Nos registros de tradição místico/esotérica, em cada
sexta-feira 13 o que se espera é o Sabhat das Feiticeiras. E a festança vem
acompanhada do Treze... este símbolo numérico sugere feitiçaria e para muitos,
sua ocorrência no calendário é prenúncio de azar. Toda sexta-feira, entretanto,
acha-se associada à ideia do Sabhat, como ficou conhecido a partir da época
medieval o “festim em que as Bruxas reunidas banqueteiam e festejam na presença
do Demônio”. Também às sextas, à luz da Lua cheia, os amaldiçoados Lobisomens
se transformam e os vampiros propalam-se em vôo, sedentos de sangue, à procura
de suas vítimas. Mas, e quanto ao “maldito” número 13?
É o número da morte, do azar, do mau agouro, dizem alguns. Para outros, pode simbolizar a sorte por trazer em si as transformações, visto que o 13 representa o rompimento dos limites, a quebra dos padrões estatutários impostos pelo 12.
Se a noite for de Lua cheia então, affmaria…
Um pouco mais de pesquisa e encontramos o termo grego sabbathéos, literalmente “o Sabbhat Divino”, relacionado às sabátidas, festas dedicadas a Sabácio, o Deus Cabrito, Divindade da Ordem dos Cabiros, conhecida na Trácia e na Frígia, com atributos similares aos de Dionísio, ainda que não tão popularizada quanto este. As sabátidas já ocorriam anteriormente aos patriarcas bíblicos; e a seu Deus eram consagrados o trigo e a cevada, da qual se fermentava uma bebida inebriante, servida aos presentes. Sabácio era representado com chifres na cabeça, semelhante a Dionísio. Pan e Príapo eram igualmente cultuados nas sabátidas, ambos representados pela figura de faunos ou bodes, ou pelo falo que os substituía, espécie de bastão que todos traziam à reunião, invariavelmente noturna, na qual banqueteavam os convivas, sentados no chão sobre peles de animais caprinos, com as quais também se cobriam encarnando seu comportamento e imitando seus berros. Nesse culto agrário, uma virgem nua, símbolo da fertilidade, em alusão à Demeter (a Mãe-Terra), deitava-se sobre a mesa ritualística e recebia sobre o ventre as oferendas, geralmente o trigo e a cerveja, sendo ela própria após o banquete, oferecida à divindade caprina dona da festa, sempre encarnada por um sacerdote com máscara e chifres, vestido com pele de cabra, assim como os demais presentes.
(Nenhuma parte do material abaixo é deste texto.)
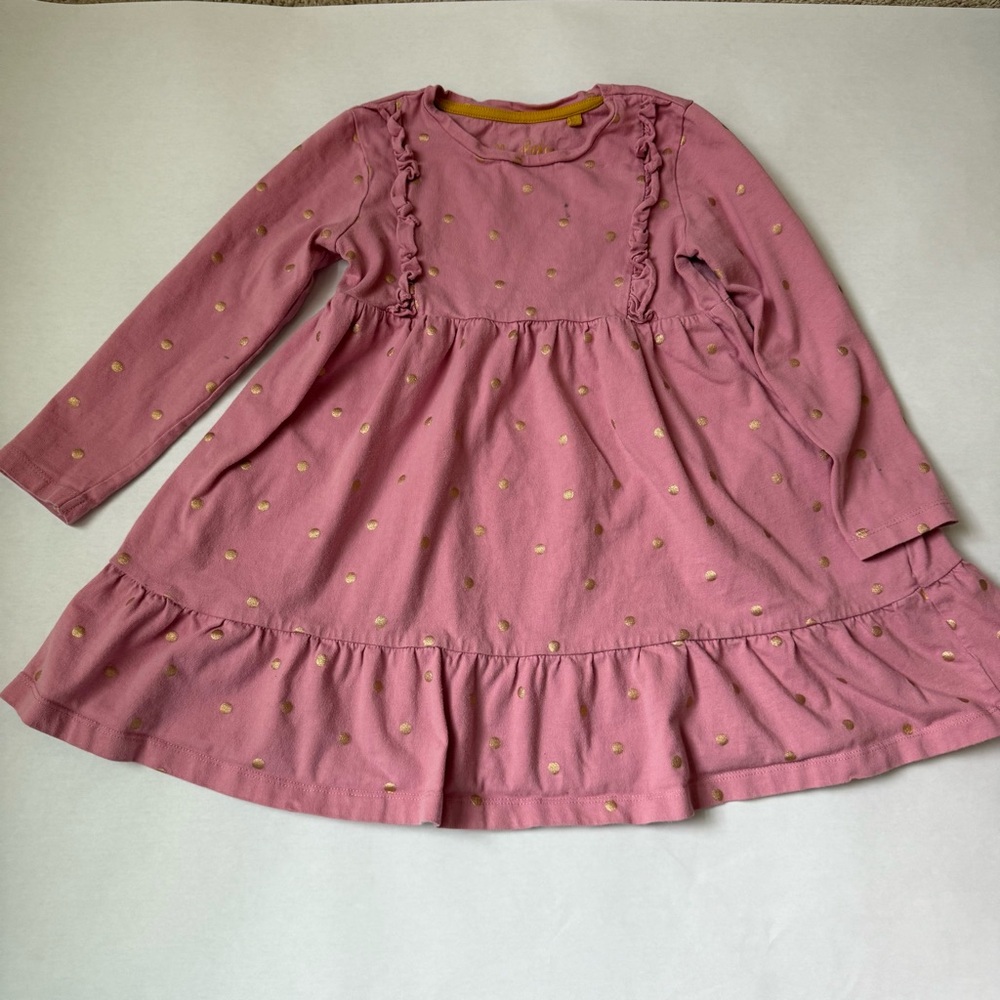 Pink Ruffled Girls Dress with gold polka dots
Ao final da festa, invocava-se o raio, talvez alusão ao mito dionisíaco, posto que esta divindade antes de renascer da coxa de Zeus fora fulminada e esquartejada por raios dos Titãs. Também a já desvirginada do altar, arrancava com sua boca a cabeça de um sapo e a cuspia ao chão, em alusão às Mênades possessas que dilaceravam os animais conforme descreveu Eurípedes de modo perturbador nas Baccantes. Estes eram os originais pagãos, cujas festas celebravam no pago, isto é, no próprio povoado, geralmente nos campos de suas comunidades, muitíssimo diferentes dos ritos da atualidade, cheios de glamour, comidas finas e selfies, muitas e muitas selfies.